– Вечер убью в этом паноптикуме, – сказала она после минутного молчания. – Стервятники небось уже слетелись. Надеюсь, обойдется без жертв. Со своей стороны я ничего не обещала. Я никогда не обещаю.

Венди подняла глаза – не проявится ли Майлз каким-нибудь образом? Смотреть в небе было не на что – тучи собирались, звезды пока не проклюнулись. Ни малейших признаков, что Майлз ее слушает. Все-таки Венди направила сигарету вверх, туда, где, по ее представлениям, обретался покойный муж, и выдохнула колечко дыма.

– Ты ведь мной гордишься? Ведь гордишься? – спросила она еще через минуту. – Потому что я реально стараюсь держаться. – Непонятно, как Венди прожила вдовой уже почти два года. Она прикурила вторую сигарету. – Вот бы сейчас тебя поцеловать. Ямка у локтя сгодится.

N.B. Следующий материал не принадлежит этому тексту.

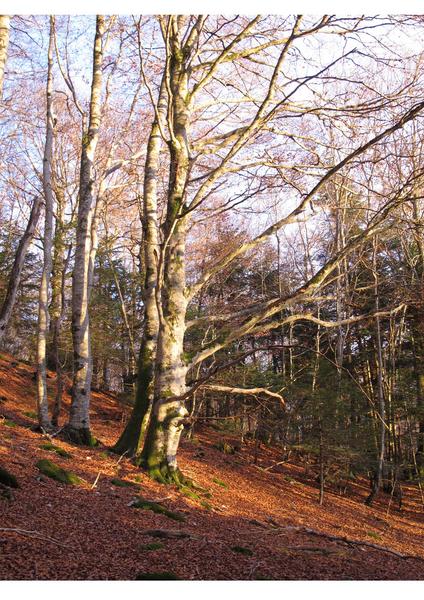 Fête de la Citrouille : sortie nature veille d'automne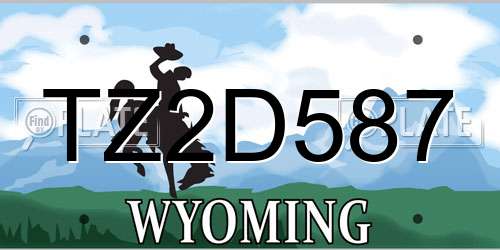 TZ2D587 Wyoming License Plate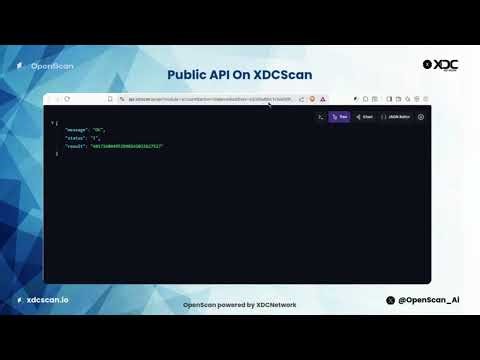 Access public api on Openscan powered by XDC Network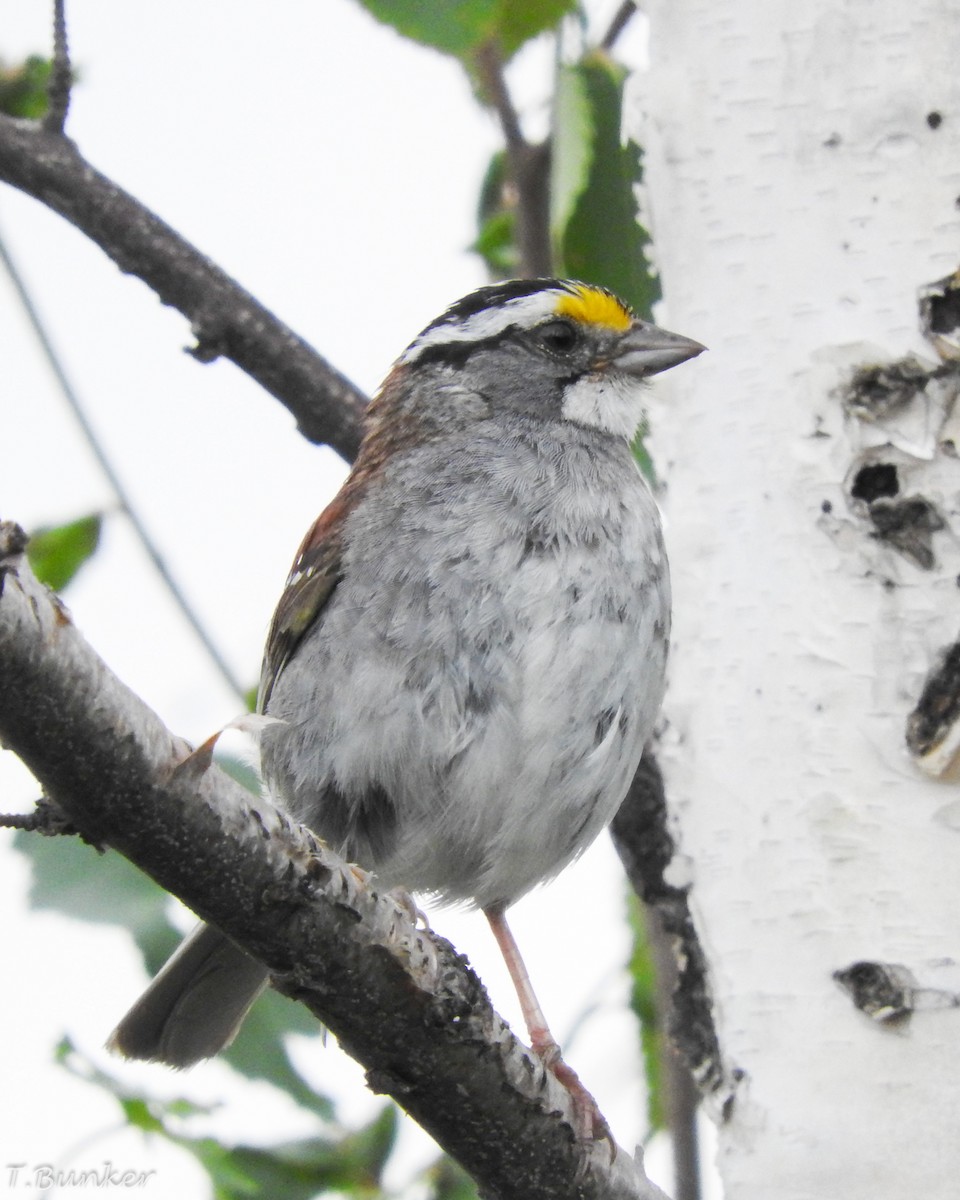 White-throated Sparrow - Thomas Bunker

Это было произнесено практически неслышным шепотом – вдруг соседи держат окна открытыми?

– Впрочем, для меня сохраняется шанс уже сегодня познакомиться с каким-никаким греком – наследником судостроительного бизнеса. А что? Пускай меня малость оберет. Не волнуйся, тут ключевое слово – «малость». Клянусь, бесценный мой. Черт возьми, как же я по тебе тоскую!

Она сделала еще с полдюжины затяжек и мысленно поведала Майлзу обо всех пустяках, которыми нынче занималась. Затем настало время провести ежесигаретный ритуал – напоследок затянуться максимально глубоко и, порциями выпуская дым, повторять «Я тебя люблю», насколько дыхания хватит.

Через считаные часы парень в смокинге накрыл ладонью ее левую грудь. Попытка поместить колено между бедер парня в смокинге привела к тому, что он потерял равновесие, почти сел на столешницу и нарушил цветочную композицию из лилий и калл.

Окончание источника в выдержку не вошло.